The kappa values for the interobserver agreement between the experienced and inexperienced reviewers were 0.62 for the level of evidence and 0.76 for the study type, and the kappa values for the agreement between the experienced reviewers were 0.75 and 0.85, respectively (p < 0.0001 for all four kappa values). The kappa values for the agreement between all of the reviewers' ratings and the JBJS-A ratings were 0.84 for the level of evidence and 1.00 for the study type (p < 0.0001). When the experienced and inexperienced reviewers disagreed on either the level of evidence or the type of study (thirty-six instances of such disagreement), they subsequently agreed to use the experienced reviewer's rating 72% of the time and the inexperienced reviewer's rating only 28% of the time.
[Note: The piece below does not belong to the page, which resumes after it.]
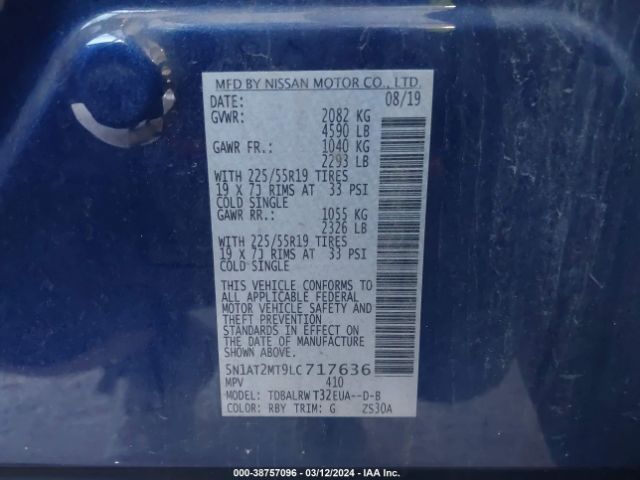 5N1AT2MT9LC717636 Nissan Rogue Sl Fwd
The primary aim of this study was to assess the type and level of evidence, according to the level-of-evidence rating system adopted by JBJS-A in January 2003, in articles published in nine different orthopaedic journals. We found that most of the articles were therapeutic in type, which reflects the trend in orthopaedic journals to publish studies that address the results of specific treatments. Economic studies, which are particularly valuable because they can have a large-scale impact on decision-making in our health-care system, were the least frequently encountered, accounting for only 0.5% of all articles reviewed. The relative lack of economic studies in orthopaedic journals suggests that few economic studies are being conducted.
The majority of the articles represented Level-IV evidence. This finding exposes a well-known weakness in the orthopaedic literature, which is its tendency to contain retrospective studies with a lower level of evidence. Studies with a lower level of evidence do have their place in orthopaedic research. A Level-IV study may be the only research design feasible to address a given clinical question regarding an infrequently occurring problem, and such a study can provide valuable information for patient care. Features of a well-designed, well-executed Level-IV study include a population in which 100% of the patients have the same diagnosis, use of strict inclusion and exclusion criteria, prospective patient enrollment, use of a standard treatment protocol, follow-up of patients at specified time-intervals, well-defined outcome measures that include clinical parameters, and use of patient-derived validated instruments for functional assessment. In addition, the follow-up rate should be >80%, and the investigators should account for all patients who have been lost to follow-up. Inclusion of these features in a Level-IV study can help to decrease the known and unknown factors that can lead to bias in the design or interpretation of the study.
Although a well-designed Level-IV study can provide valuable information for patient care, investigators should, whenever possible, pursue studies with a higher level of evidence to answer a given clinical inquiry. Our review of the orthopaedic literature revealed that this has not always been the case. For example, several papers that we reviewed could have qualified as cohort studies (Level II or III) instead of case series (Level IV) if the author(s) had included a control group for comparison. We recommend that authors make every attempt to use a control group in their studies, since this can substantially raise the level-of-evidence rating for the study and thus improve the confidence with which one can apply the information to a clinical setting. However, the ultimate goal should be to produce more Level-I and II studies. Studies with a higher level of evidence are generally more reliable and therefore more appropriate for application to patient care. We hope that by formally studying the percentages of Level-I and II studies in the literature, as compared with the percentages of Level-III and IV studies, we have demonstrated the need for editors to choose articles with the highest levels of evidence available and for clinical investigators to pursue more Level-I and II studies instead of retrospective studies.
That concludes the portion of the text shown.